Market Wave Trends and Secular Outlook

Short-Term Price Wave Trend bearish

5 Day SMA – 35 Day SMA, Trimmed Mean 20%

Intermediate-Term Price Golden Cross Trendbearish

Current – 200 Day SMA, Trimmed Mean 20%

Momentum Wave Trendbearish

5 Day SMA – 35 Day SMA (Cap vs Equal Weight), Trimmed Mean 20%

For more on Cap Weight as a Momentum strategy, read:

Volume Wave Trendbearish

5 Day SMA – 35 Day SMA, Trimmed Mean 20%

Volatility Wave Trendbearish

5 Day SMA – 35 Day SMA, Trimmed Mean 20%

Wave Trend is measured by the Elliott Wave Oscillator. See details


Previously we have discussed in the post We now have much in common with this country the role demographics and lower GDP in pressing in interest rates and inflation.

Additionally, we find that Money Velocity (M2V) which runs 16-18 months ahead of PCE, projects a significant deflation in prices.

While money-related easing can prop up asset prices such as stocks it has not been able to combat disinflation/deflation. It basically has failed to help its economy and keep inflation steady to promote economic growth and rising wages.
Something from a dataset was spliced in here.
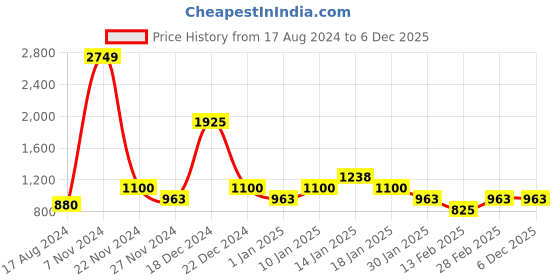tatacliq.com YU by Pantaloons Kids Pink Regular Fit Full Sleeves Jacket yu by pantaloons Price History Graph from 17 Aug 2024 to 3 Dec 2025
Late in August, the Fed at long last conceded that it had done everything incorrectly. As Fed vice chair Richard Clarida said while talking about the Fed’s new approach “framework” of Flexible Average Inflation Targeting (or no FAIT), this was “a powerful development in the Federal Reserve’s strategy system and mirrors the truth that econometric models of most extreme business, while basic contributions to money related arrangement, can be and have been off-base.” His view is evident in this chart.

What’s Ahead

Disinflation/deflation will continue to put downward pressure on inflation and P/Es. This all means stocks should move lower, and below-average returns are ahead of us as the larger secular bear unfolds.